Let's say I had a database of like 2,000 keywords, which each map to a few common variations

For example:

 "Node" : ["node.js", "nodejs", "node js", "node"] 

 "Ruby on Rails" : ["RoR", "Rails", "Ruby on Rails"]

and I want to search a string (ok, a document) and return a list of all the contained keywords.

I know I could loop through a ton of regex searches, but is there a more efficient way of doing this? something approximating "real time" or near-real time for a web app?

I am currently looking at Elastic Search document, but I want to know is there a Pythonic way to achieve my result.

I am pretty familiar with regex but I don't want to write so many regular expression now. I will appreciate your answers or if you can point me to right direction.

Answer 1

You can use a data-structure which inverts this dictionary of keywords - so that each of ["node.js", "nodejs", "node js", "node", "Node"] is a key with the value "Node" - each other of the 10 or so variants for the other 2000 keywords points to one of the keywords - so a 20000 sized dictionary, which is not much.

With taht dict, you can retokenize your text to be composed only by the normalized form of the keywords, and them proceed to count then.

 primary_dict = {
     "Node" : ["node.js", "nodejs", "node js", "node", "Node"] 

      "Ruby_on_Rails" : ["RoR", "Rails", "Ruby on Rails"]
 }

def invert_dict(src):
    dst = {}
    for key, values in src.items():
        for value in values:
            dst[value] = key
    return dst

words = invert_dict(primary_dict)
from collections import Counter

def count_keywords(text):
    counted = Counter()
    for word in text.split(): # or use a regex to split on punctuation signs as well
        counted[words.get(word, None)] += 1
    return counted

As for the efficiency, this approach is rather nice, since each word on the text will be looked-up on the dictionary only once, and Python's dict search is O(log(n)) - that gives you an O(n log(n)) approach. Trying a single-mega-regexp as you've thought of will be O(n²), regardless of how fast a regexp match is (and it is not that fast comparing to a dict lookup).

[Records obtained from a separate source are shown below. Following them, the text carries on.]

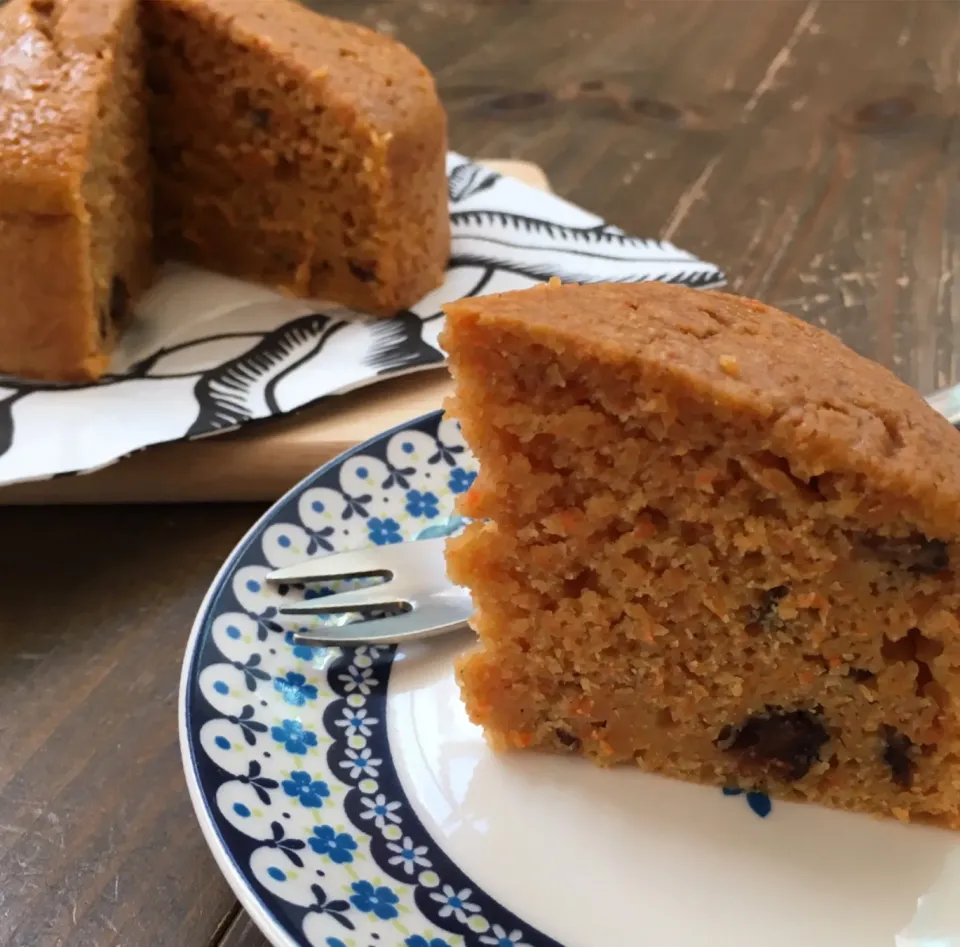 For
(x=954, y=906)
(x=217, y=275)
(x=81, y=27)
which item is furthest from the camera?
(x=217, y=275)

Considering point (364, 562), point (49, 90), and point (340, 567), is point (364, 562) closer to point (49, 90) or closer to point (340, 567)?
point (340, 567)

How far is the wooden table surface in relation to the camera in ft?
3.30

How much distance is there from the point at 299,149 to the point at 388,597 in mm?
969

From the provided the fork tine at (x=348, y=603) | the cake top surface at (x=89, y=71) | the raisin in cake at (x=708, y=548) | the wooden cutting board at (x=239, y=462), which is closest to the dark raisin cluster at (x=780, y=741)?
the raisin in cake at (x=708, y=548)

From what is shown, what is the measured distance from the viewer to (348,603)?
1182 millimetres

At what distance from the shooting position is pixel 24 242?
1.57m

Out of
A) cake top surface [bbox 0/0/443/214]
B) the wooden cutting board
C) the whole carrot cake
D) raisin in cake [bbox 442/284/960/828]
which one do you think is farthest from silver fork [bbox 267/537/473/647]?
cake top surface [bbox 0/0/443/214]

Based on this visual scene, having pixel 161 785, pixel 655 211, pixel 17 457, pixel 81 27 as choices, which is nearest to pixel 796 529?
pixel 161 785

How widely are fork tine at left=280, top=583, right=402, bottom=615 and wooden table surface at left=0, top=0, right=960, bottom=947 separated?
0.54 ft

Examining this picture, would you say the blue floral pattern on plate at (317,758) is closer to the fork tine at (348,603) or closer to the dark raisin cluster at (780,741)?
the fork tine at (348,603)

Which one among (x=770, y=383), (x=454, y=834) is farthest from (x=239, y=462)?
(x=770, y=383)

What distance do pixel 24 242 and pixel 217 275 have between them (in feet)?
1.45

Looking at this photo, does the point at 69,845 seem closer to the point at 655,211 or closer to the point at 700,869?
the point at 700,869

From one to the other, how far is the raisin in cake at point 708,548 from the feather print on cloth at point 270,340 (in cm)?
61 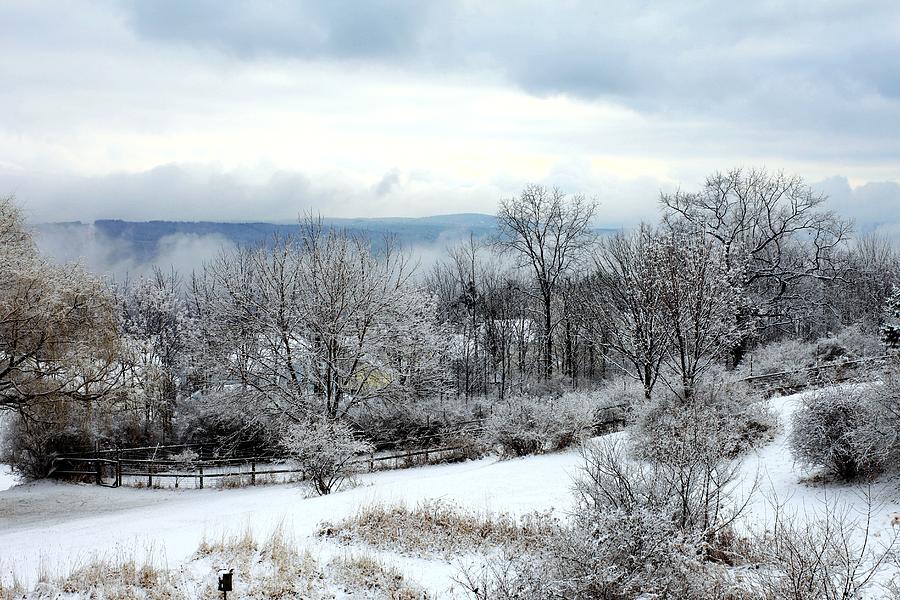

If it is too long a text, maybe pre-tokenizing it with a simple split (or regexp) is not feasible - in that case, you can just read a chunk of text each time and divide small chunks of it in words.

Other approach

Since you don't need the count for each word, an alternative is to create Python sets with the words in your document and all the keywords in your list, and then take the intersection of both sets. You can count only the keywords of the this intersection set against the words inverted dict above.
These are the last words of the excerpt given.